Problem to work on >>
Since only part of the material below is wanted, output exactly the lines from the one with "Grammy x RS Best Hits : Sillyfools - Image 2" up to and including the one with "潛孔液壓錨固鉆機，液壓式潛孔鉆機價格".

Start of Information provided

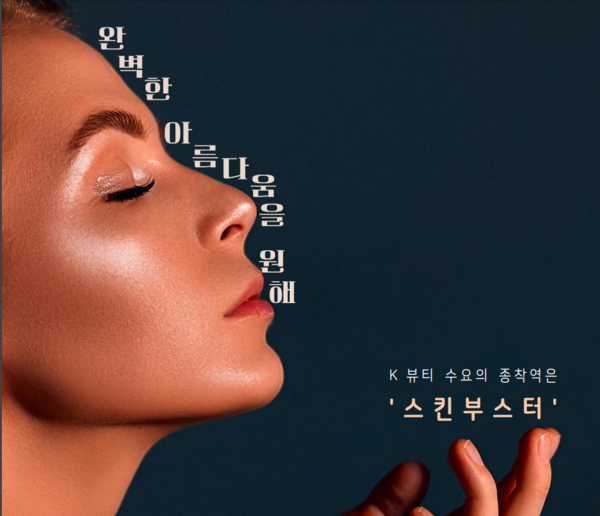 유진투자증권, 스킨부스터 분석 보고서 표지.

End of Information provided
Start of Information provided

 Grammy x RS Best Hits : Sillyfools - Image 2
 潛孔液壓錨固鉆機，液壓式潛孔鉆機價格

End of Information provided

Answer >>
 Grammy x RS Best Hits : Sillyfools - Image 2
 潛孔液壓錨固鉆機，液壓式潛孔鉆機價格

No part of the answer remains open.